Fast forward several years. I am now that fourth year student. I have definitely read a lot, from tedious textbook chapters to jargon-filled articles, from folktales to short stories. Here’s the conclusion I’ve come to after poring over enough pages to re-write a dictionary:
The goal of academic reading is not about how much you can read, but how effectively you can do so. Essentially, it’s quality over quantity.
So, yes, you can try to do all of your prescribed readings. But, depending on the class, the prof, and the material you’re given, it might not always be the best or only course of action.
The first thing I do when I’m given a list of readings, is read the rest of the syllabus. What is it exactly that the instructor is hoping we learn in their class? It also helps to pay attention during the first lecture, because they’ll probably mention the readings anyways (two of my profs this year flat-out said that they weren’t expecting us to read every bit of their syllabi’s bibliographies).
Step 1. is figuring out what you might need to prioritize.
Step 2. is reading smart. What were you discussing last lecture? What might you discuss next lecture?
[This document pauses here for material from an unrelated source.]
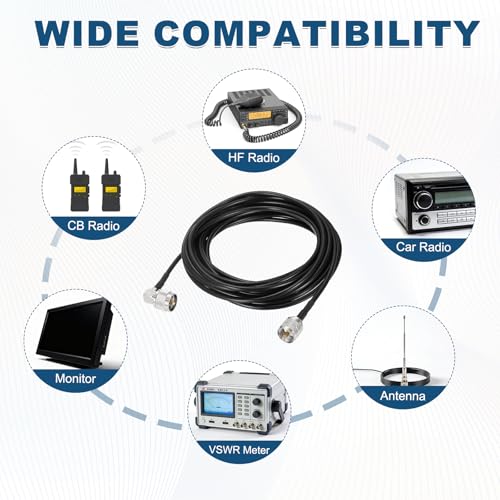 MECCANIXITY Black RG58 CB Coax Cable 20ft, 50 Ohm Low Loss UHF Male to UHF Male Right Angle Extension Jumper Cable for HAM Radio, Antenna Analyzer, HF Radio, and Communication Devices - size: 20ft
Your readings aren’t just random (though, it sometimes might feel this way): what is the prof hoping you’ll get out of them? What questions are you left with? Et cetera.
When I read, I keep an eye out for the answers to these questions, along with keywords or ideas we examined in the previous lecture. I write points down in my notebooks with page numbers, so I can refer back to specific concepts. (This also makes citations a whole lot easier.)
Sometimes, the professor talks about something that I haven’t read. When this happens, it’s not the end of the world: I write down what I can, and then I go back to the text to investigate more.
Step 3. is realizing that yes, you do need to do your readings. You can’t change the syllabus, so there’s no point in fighting those pages. Don’t panic, don’t fret. Just grab a cup of tea or coffee or hot chocolate, sit somewhere that keeps you relaxed and focused, and dive in. And, most importantly, learn to indulge your curiosity. University is a great place to do this.
1 comment on “How To Do (Or Not Do) Your Readings”
This is all really good advice! I’m trying to implement it as best as I can, especially now that I’m in second year and I want to build up good habits that will carry me until the end of undergrad.